Caption-style text data:
=-=-=-=-=

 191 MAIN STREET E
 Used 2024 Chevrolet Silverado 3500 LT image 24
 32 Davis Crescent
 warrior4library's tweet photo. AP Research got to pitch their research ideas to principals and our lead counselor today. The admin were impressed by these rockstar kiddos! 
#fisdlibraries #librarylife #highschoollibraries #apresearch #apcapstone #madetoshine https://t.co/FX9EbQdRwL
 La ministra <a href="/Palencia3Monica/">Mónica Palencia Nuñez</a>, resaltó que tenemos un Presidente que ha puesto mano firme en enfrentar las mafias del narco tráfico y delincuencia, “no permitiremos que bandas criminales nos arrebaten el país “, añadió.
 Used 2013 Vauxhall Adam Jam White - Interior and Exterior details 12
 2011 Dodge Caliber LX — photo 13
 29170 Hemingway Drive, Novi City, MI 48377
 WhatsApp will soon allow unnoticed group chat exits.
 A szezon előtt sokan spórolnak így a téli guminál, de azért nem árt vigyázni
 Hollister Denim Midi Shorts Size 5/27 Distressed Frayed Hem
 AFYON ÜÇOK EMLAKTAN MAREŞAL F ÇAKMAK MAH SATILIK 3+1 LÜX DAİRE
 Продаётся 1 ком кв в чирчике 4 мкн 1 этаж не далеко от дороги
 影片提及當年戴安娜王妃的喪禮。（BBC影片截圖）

=-=-=-=-=

Exercise brief: Copy from the entries only those lines that hold the word "photo".

Response box:
 warrior4library's tweet photo. AP Research got to pitch their research ideas to principals and our lead counselor today. The admin were impressed by these rockstar kiddos! 
 2011 Dodge Caliber LX — photo 13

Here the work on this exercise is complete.